#### What needs to be done:
From the listing below, copy only the lines running from the line that contains "20 Pack - M14" to the line that contains "Sebastian's Morning Coffee, Lizard", both included.

#### Exercise data:
________________________________________

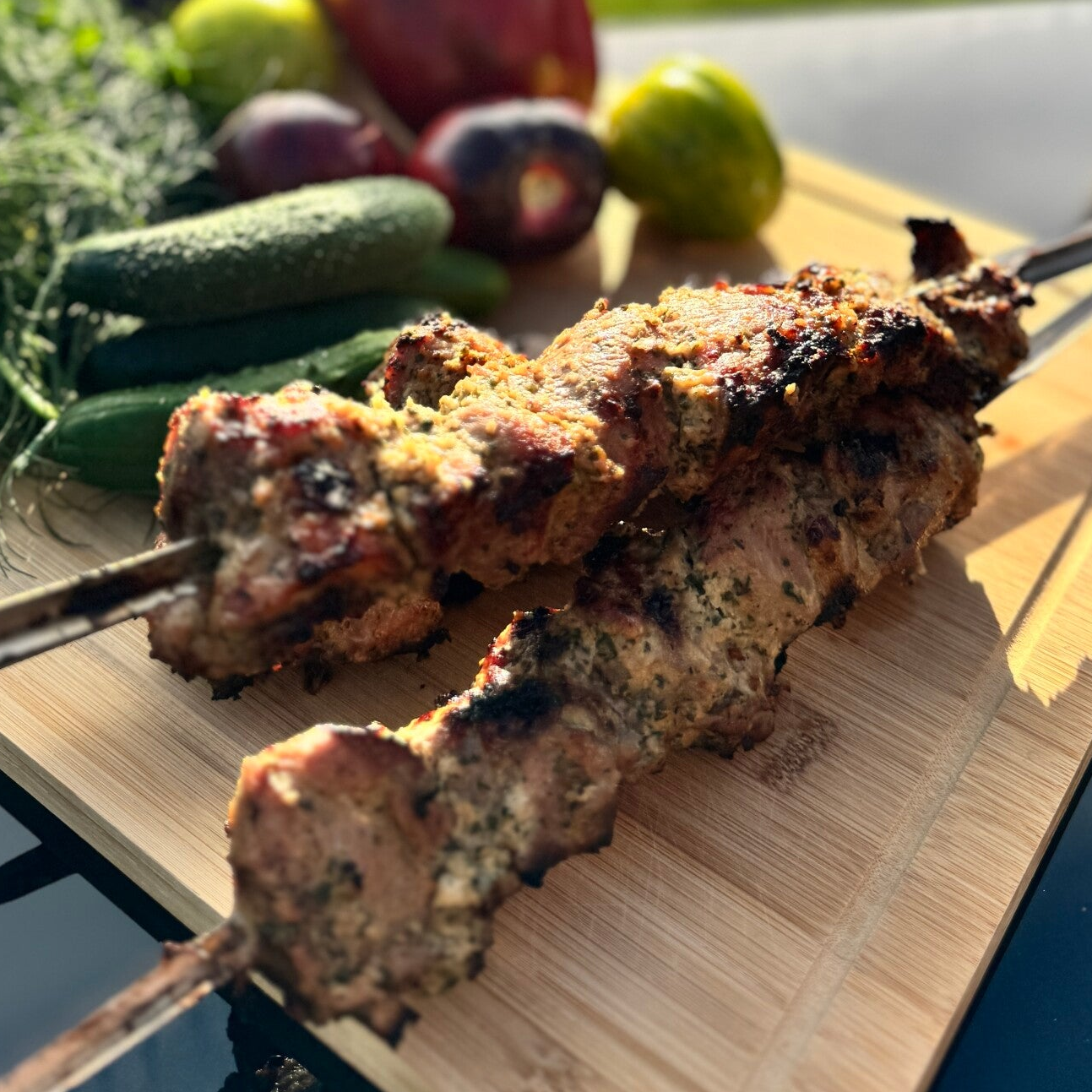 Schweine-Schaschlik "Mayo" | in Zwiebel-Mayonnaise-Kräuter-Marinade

________________________________________

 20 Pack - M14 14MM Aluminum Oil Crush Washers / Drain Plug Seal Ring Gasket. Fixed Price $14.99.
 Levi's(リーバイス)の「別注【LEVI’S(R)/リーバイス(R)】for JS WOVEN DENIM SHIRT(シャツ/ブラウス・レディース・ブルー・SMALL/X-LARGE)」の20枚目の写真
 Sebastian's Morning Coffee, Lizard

________________________________________

#### The completed task:
 20 Pack - M14 14MM Aluminum Oil Crush Washers / Drain Plug Seal Ring Gasket. Fixed Price $14.99.
 Levi's(リーバイス)の「別注【LEVI’S(R)/リーバイス(R)】for JS WOVEN DENIM SHIRT(シャツ/ブラウス・レディース・ブルー・SMALL/X-LARGE)」の20枚目の写真
 Sebastian's Morning Coffee, Lizard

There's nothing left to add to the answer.